After that it gets a little more, well, specialized. Tyler Perry brings back his “beloved” gun-toting maniacal matriarch Madea for another round of disjointed, grotesque comedy in Madea’s Witness Protection. Critics are giving this film pretty much the exact same reception we’ve come to expect from Perry’s comedies, and thus will probably be a successful run of $20-25 million in its first weekend.
People Like Us is Alex Kurtzman’s attempt to show that he can do more than write scripts about robots with wrecking ball testicles beating the crap out of each other. Sadly, if Joey’s review is any indication, he’ll have to keep trying, as my colleague was frustrated by how some very committed performances were sapped by poor edits and absurd plot contrivances. I honestly don’t even see this movie making anywhere over $5 million this weekend.

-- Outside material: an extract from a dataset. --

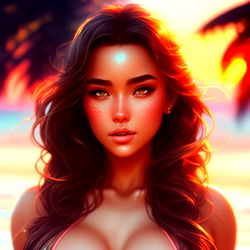 Pragtige Vroue in 'n Stadomgewing – Skye Aurora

In limited release is Beasts of the Southern Wild, shaping up to be arguably one of the biggest Oscar contenders of the year. An odd and fantastical tale of a young girl struggling to survive in a drowned world with her father, critics have been mostly ecstatic about its imagination, performances and graceful allegory. Both Joey and Joseph gave the film positive reviews, though the former was less enthusiastic in his praise. Regardless of whether or not it lives up to the hype, Beasts of the Southern Wild has been building up steam to being the Little Movie That Could in the awards season. Quvenzhané Wallis especially is becoming a darling of the festivals and has a good chance of ending up the youngest Best Actress nominee in history. Best Picture, Director, Supporting Actress, Cinematography, Art Direction, Visual Effects, Sound and Original Screenplay are becoming likelier by the day despite its unusual story and setting.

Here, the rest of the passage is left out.